> Materials provided

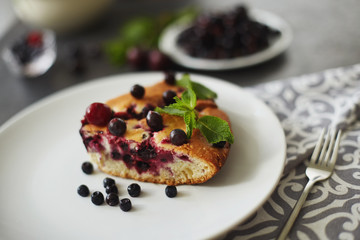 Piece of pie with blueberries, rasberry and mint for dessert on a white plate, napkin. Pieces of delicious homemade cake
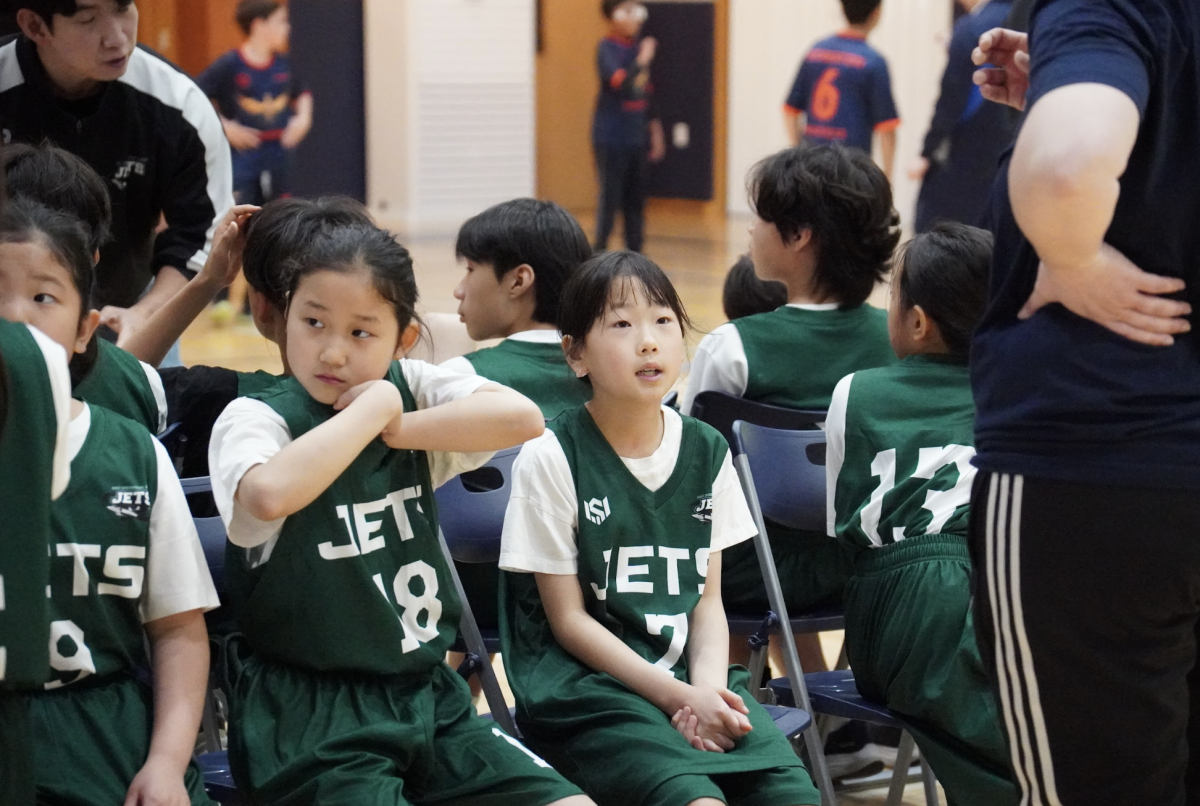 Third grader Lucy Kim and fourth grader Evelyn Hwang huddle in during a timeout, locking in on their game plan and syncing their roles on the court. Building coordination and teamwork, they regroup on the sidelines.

* * *

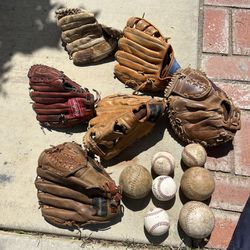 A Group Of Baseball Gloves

> The task
Among the lines above, the one with "Piece of pie" opens the part to repeat and the one with "Third grader Lucy" closes it; repeat only that part exactly, with no pictures.

> Answer to the exercise
 Piece of pie with blueberries, rasberry and mint for dessert on a white plate, napkin. Pieces of delicious homemade cake
 Third grader Lucy Kim and fourth grader Evelyn Hwang huddle in during a timeout, locking in on their game plan and syncing their roles on the court. Building coordination and teamwork, they regroup on the sidelines.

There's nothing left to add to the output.